◆ Description of the task ◆
The answer must be an exact copy of the records, with every picture left out.

◆ Web page caption snippets ◆

- Opening Delimiter -

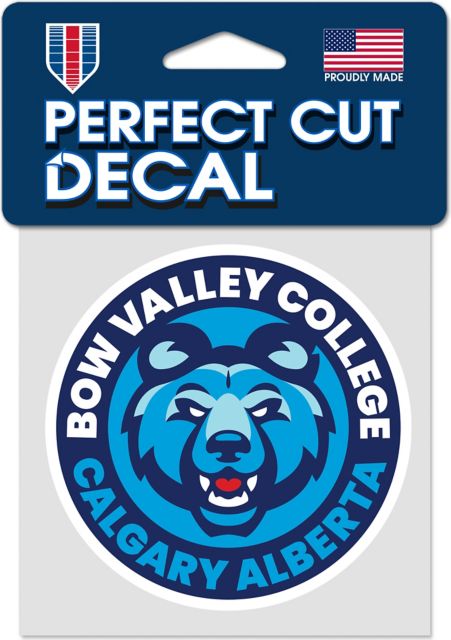 Bow Valley College 4'' x 4'' Decal
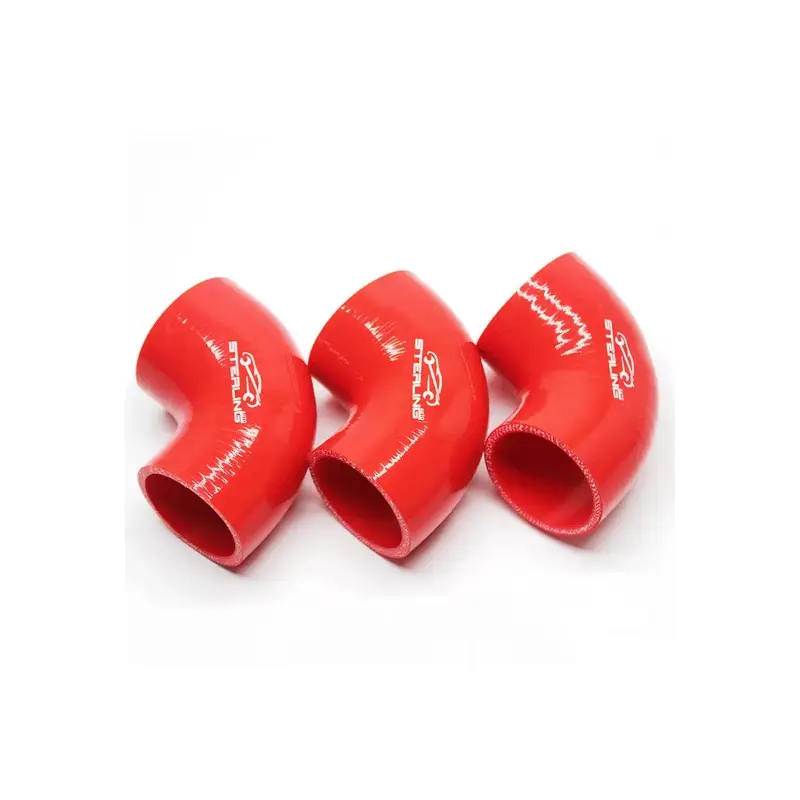 molded rubber hose elbows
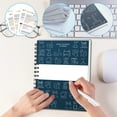 thumbnail image 4 of Cleaning Planner, Cleaning Schedule and Checklist Plan ousehold Cleaning Planner Daily Weekly Monthly Checklist for Home, Family Cleaning Tasks - (Blue), 4 of 8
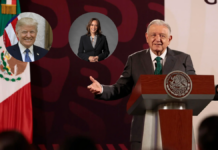Harris y Trump respetaron a México: AMLO sobre debate en EU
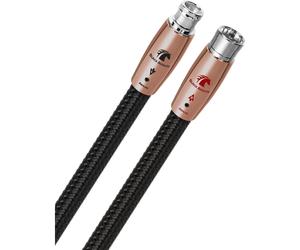 Audioquest Black Beauty XLR 1,5m - Cable de audio analógico XLR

- Closing Delimiter -

◆ Result ◆
 Bow Valley College 4'' x 4'' Decal
 molded rubber hose elbows
 thumbnail image 4 of Cleaning Planner, Cleaning Schedule and Checklist Plan ousehold Cleaning Planner Daily Weekly Monthly Checklist for Home, Family Cleaning Tasks - (Blue), 4 of 8
Harris y Trump respetaron a México: AMLO sobre debate en EU
 Audioquest Black Beauty XLR 1,5m - Cable de audio analógico XLR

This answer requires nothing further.